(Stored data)
==*==
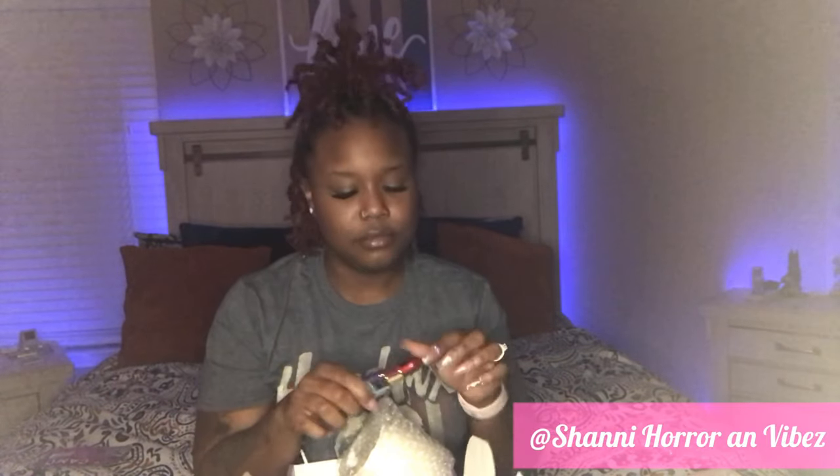It's a lighter! Stony Babe, y'all are just doing it. This is really really cute. Okay let's get to the glass stuff.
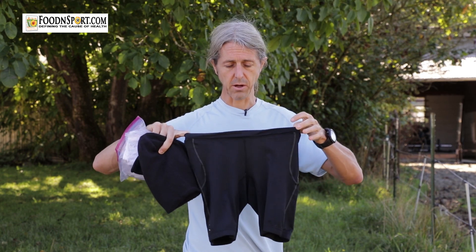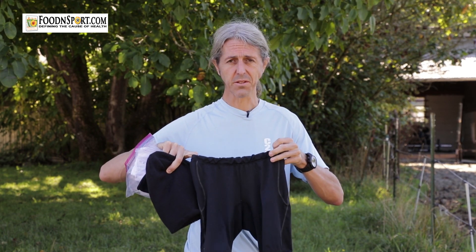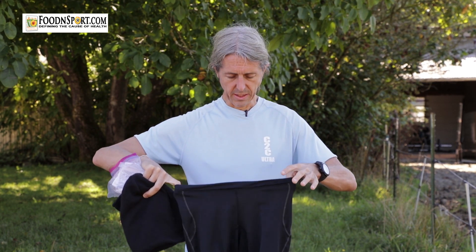My preference in an ultramarathon is to run in these kind of stretchy lycra tights or lycra pants. One of the reasons I like them so much, apart from that you don't get chafing at all, is that I can just use it as a temporary storage place — I can stuff things in there and because it's all stretchy it's going to hold onto it and it won't fall out.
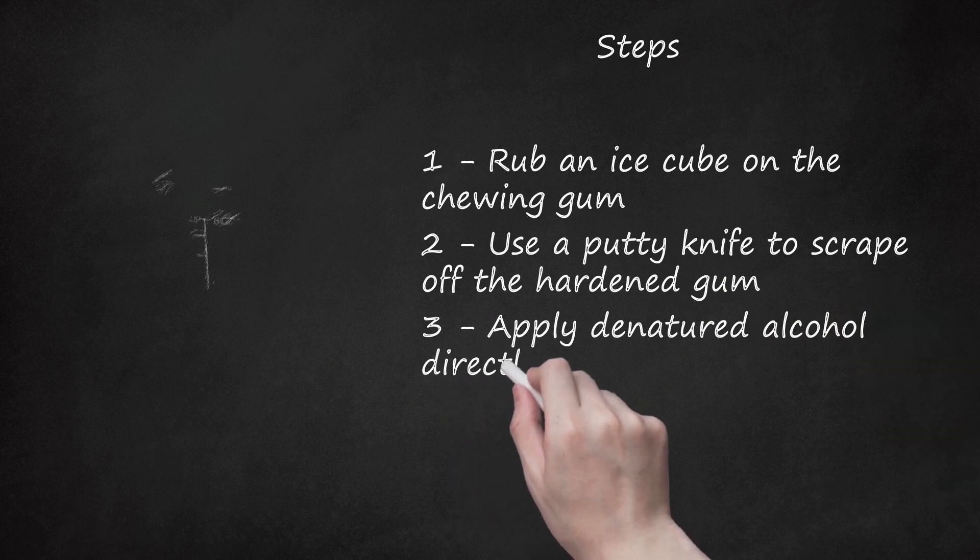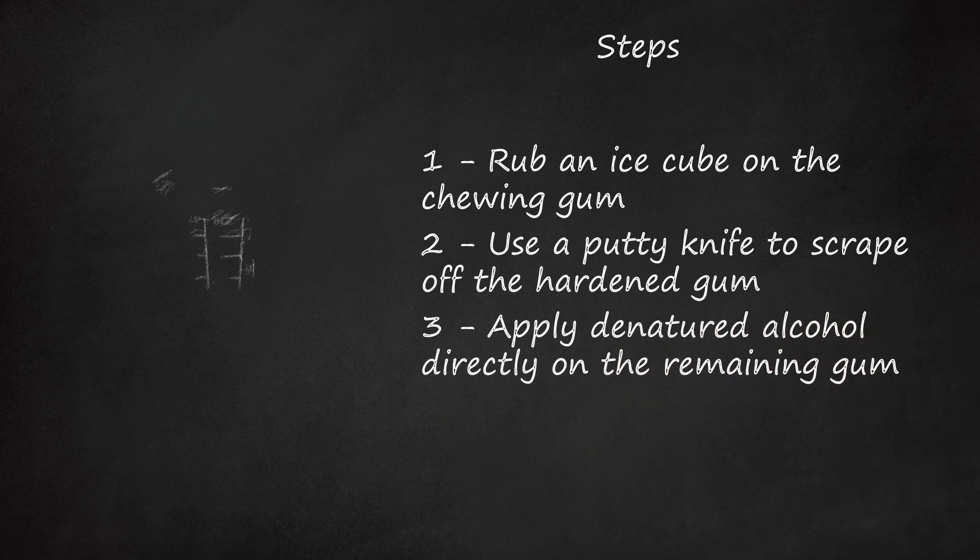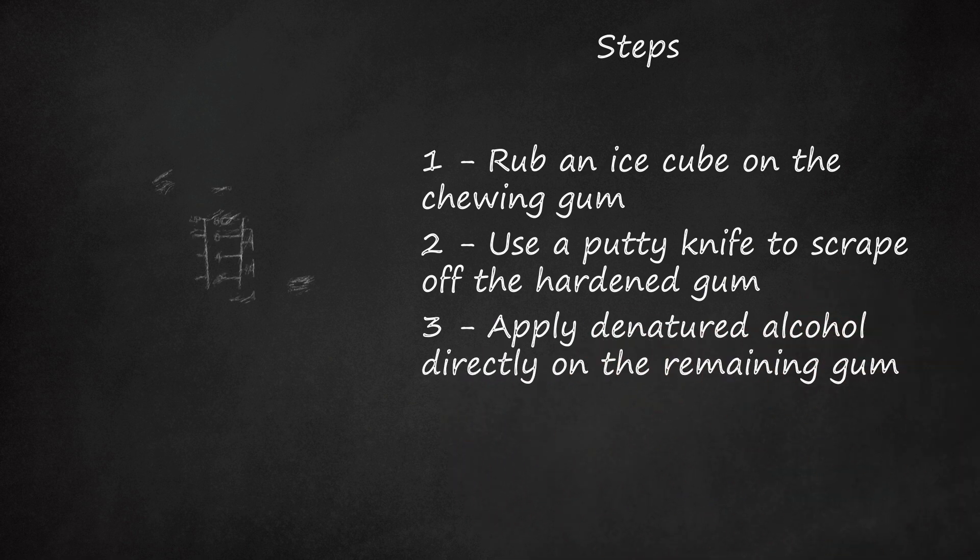Step 3: Apply denatured alcohol directly on the remaining gum. Saturate the gum with the alcohol and let it sit for about 5 minutes.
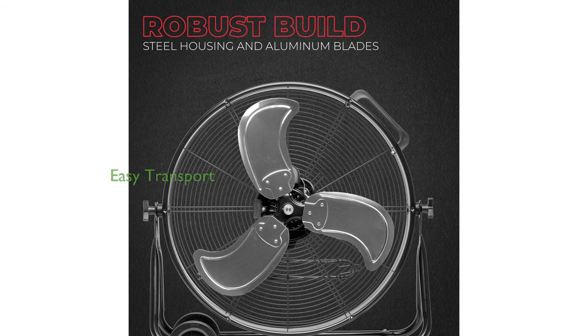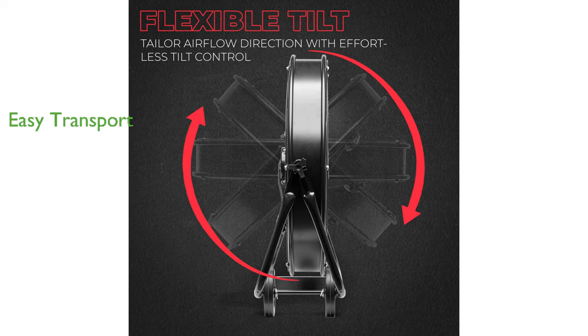For added convenience, the fan features a 60-inch grounded cable, two rubber wheels, and an easy-to-grab handle, making it simple to move around your space.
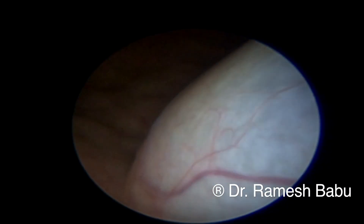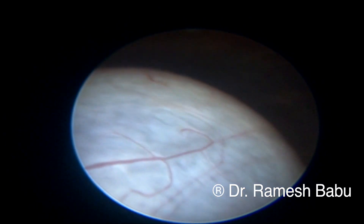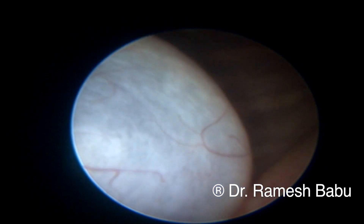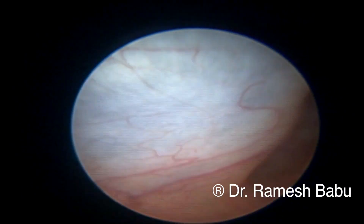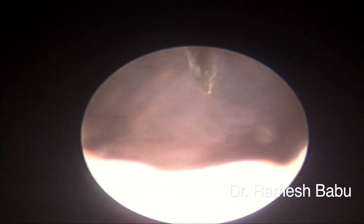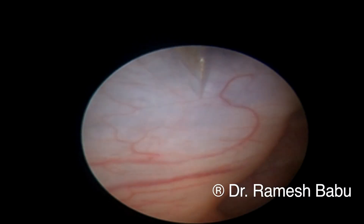Cystoscopically, you could see a nice bulge of the ureterocele on the right side. From this view you cannot see a ureterocele orifice clearly. We decided to perform a puncture with a cold straight knife at the six o'clock position.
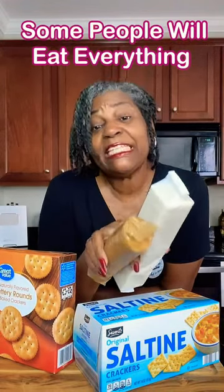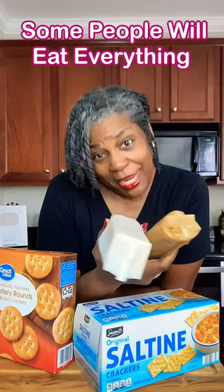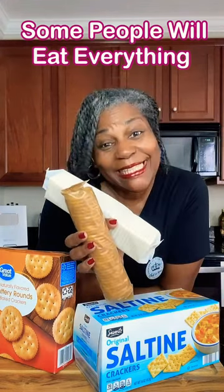When you buy crackers, they come in these sleeves, but there's no way to really reclose them. Bread has a twist tie, but crackers don't come with one. Do they expect us to eat the whole sleeve at once?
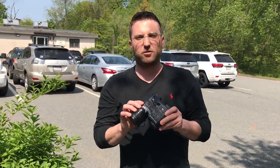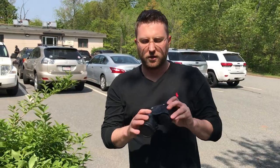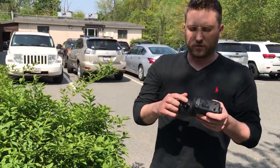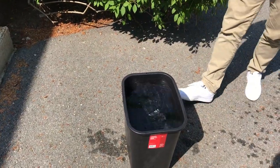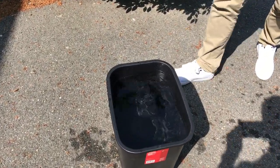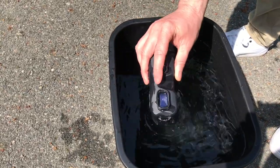This is Matt with Envision Optics and today we're going to demonstrate how our Atlas Thermal Binoculars float with the batteries fully installed. As you see, the device comes to the top every time.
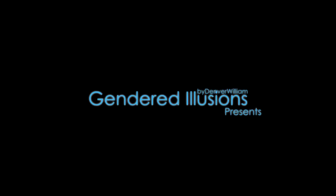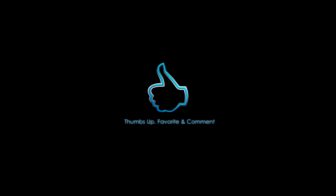Hey guys, don't forget to leave all your amazing comments and feedback below, and if you want to see more tutorials, definitely make sure you thumbs up, favorite, and subscribe for all the latest tutorials.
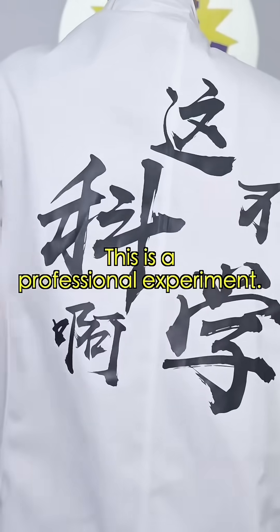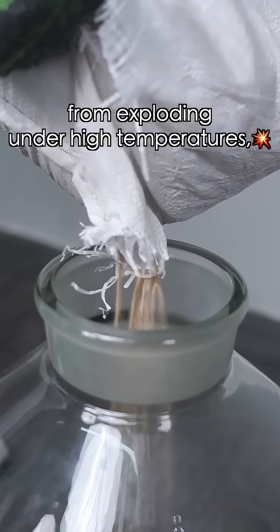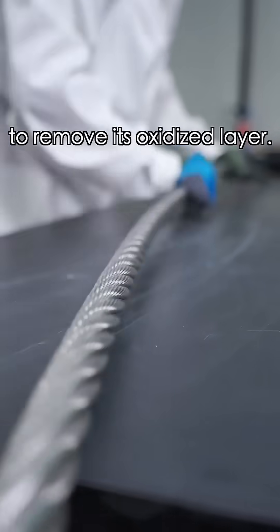Friendly reminder: this is a professional experiment — do not try this. First, to prevent the gas collection bottle from exploding under high temperatures, we put a thick layer of sand at the bottom. Next, to make it easier to ignite the steel cable, we use sandpaper to remove its oxidized layers.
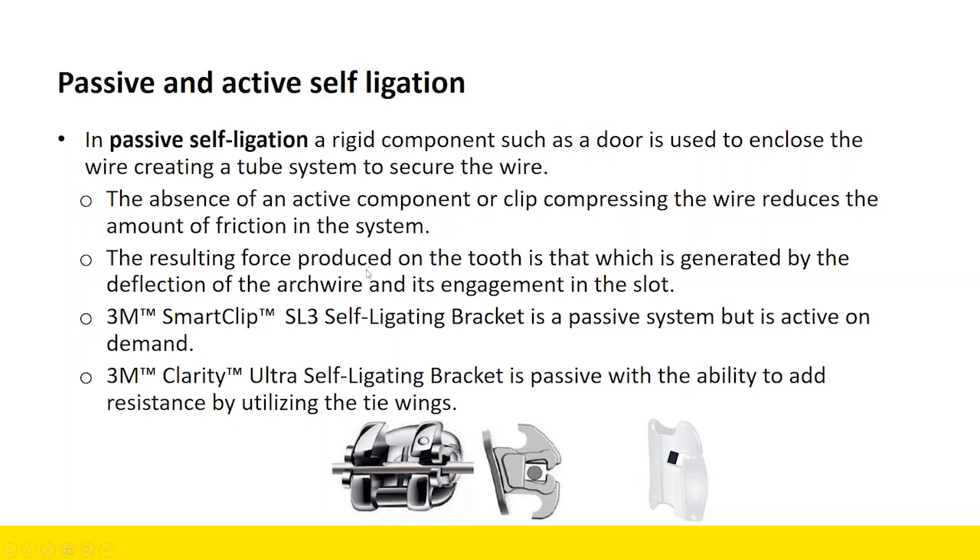The resulting force on the tooth is that which is generated by the deflection of the arch wire and its engagement in the slot. Engagement in the slot is very predictable when you're closing a door or using a SmartClip bracket. Both Ultra and SmartClip are considered passive systems, though SmartClip is active on demand. When selecting your system — active or passive — what I like about a passive system is I can add resistance when I want to.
==*==
What the exercise asks: Retype only the lines that run from the first line of the entries above to the line containing "Friendly reminder: this", both included. Do not carry over any pictures.

Answer below:
It's a lighter! Stony Babe, y'all are just doing it. This is really really cute. Okay let's get to the glass stuff.
My preference in an ultramarathon is to run in these kind of stretchy lycra tights or lycra pants. One of the reasons I like them so much, apart from that you don't get chafing at all, is that I can just use it as a temporary storage place — I can stuff things in there and because it's all stretchy it's going to hold onto it and it won't fall out.
Step 3: Apply denatured alcohol directly on the remaining gum. Saturate the gum with the alcohol and let it sit for about 5 minutes.
For added convenience, the fan features a 60-inch grounded cable, two rubber wheels, and an easy-to-grab handle, making it simple to move around your space.
Cystoscopically, you could see a nice bulge of the ureterocele on the right side. From this view you cannot see a ureterocele orifice clearly. We decided to perform a puncture with a cold straight knife at the six o'clock position.
When you buy crackers, they come in these sleeves, but there's no way to really reclose them. Bread has a twist tie, but crackers don't come with one. Do they expect us to eat the whole sleeve at once?
This is Matt with Envision Optics and today we're going to demonstrate how our Atlas Thermal Binoculars float with the batteries fully installed. As you see, the device comes to the top every time.
Hey guys, don't forget to leave all your amazing comments and feedback below, and if you want to see more tutorials, definitely make sure you thumbs up, favorite, and subscribe for all the latest tutorials.
Friendly reminder: this is a professional experiment — do not try this. First, to prevent the gas collection bottle from exploding under high temperatures, we put a thick layer of sand at the bottom. Next, to make it easier to ignite the steel cable, we use sandpaper to remove its oxidized layers.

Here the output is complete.